The solution $u(x)$ of the dirichlet problem

$$-\Delta u = f\\u = g$$

is given by

$$u(x) = -\int_{\partial\Omega}\frac{\partial G(x,y)}{\partial n}\ dS(y) + \int_{\Omega} f(y)G(x,y)\ dy$$

For the poisson kernel we consider $-\Delta u = f = 0$ because $u$ is harmonic and then we consider only the integral

$$u(x) = -\int_{\partial\Omega}\frac{\partial G(x,y)}{\partial n}\ dS(y)$$

So I need to find $\frac{\partial G}{\partial n}$ where $n$ is the normal vector on the boundary of the half space, that is, on the region $\{(x_1,x_2)| x_1\in\mathbb{R},x_2 = 0\}$.

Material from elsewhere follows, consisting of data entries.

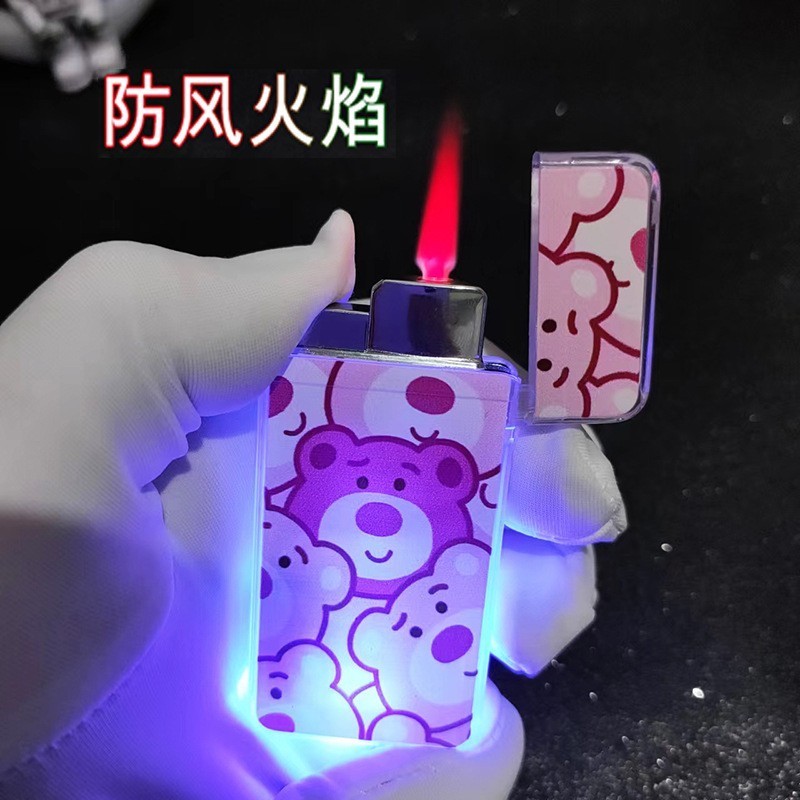 hot sale wholesale fancy design smoking hello kitty shine lighter flash Kuromi lighters transparent cute lighter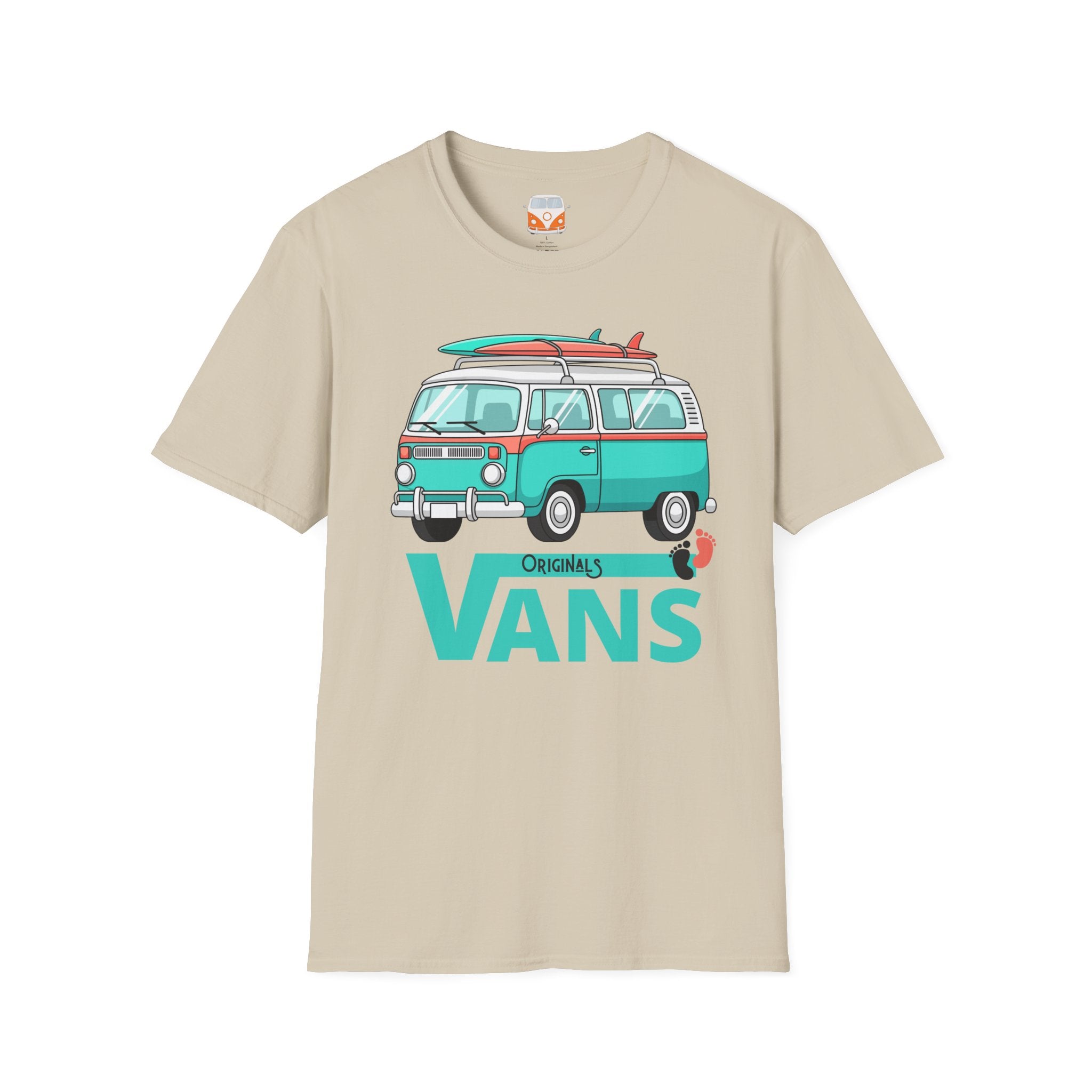 Retro Surf VW Van T-Shirt | Vintage Camper Bus Beach Tee Original Bare Feet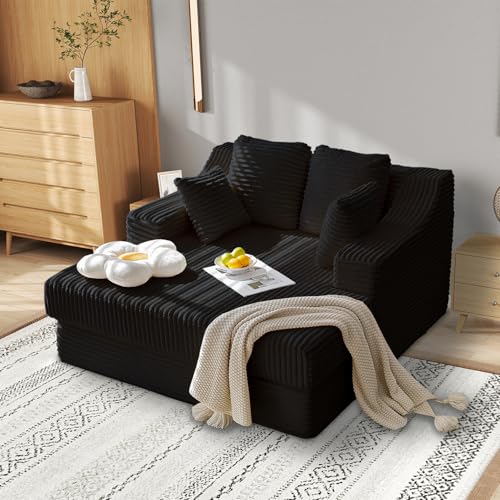 SUIFECT 55 Inch Chaise Lounge Indoor - Oversized Chaise Lounge with 4 Throw Pillows and Armrets,...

For me it looks like the expression for such unit normal is

$$n(y) = n((y_1,y_2)) = \left(0,\frac{-\mbox{sign}(y_1)y_1}{|y|}\right)$$

I just reflected the point $y = (y_1,0)$ to $(0,-y_1)$ in the case $y_1>0$ and to $(0,y_1)$ in the case $y_1<0$. And of course, divided everything by $|y|$ to make the norm $1$.

We need to take $$\frac{\partial G(x,y)}{\partial n} = \nabla G(x,y)\cdot n = \left(-\frac{1}{2\pi}\frac{1}{|y-x|}\frac{y-x}{|y-x|}\right)\cdot \left(0,\frac{-\mbox{sign}(y_1)y_1}{|y|}\right)$$

But this doesn't looks like it will give the formula Integral of Poisson Kernel for upper halfspace

What is wrong?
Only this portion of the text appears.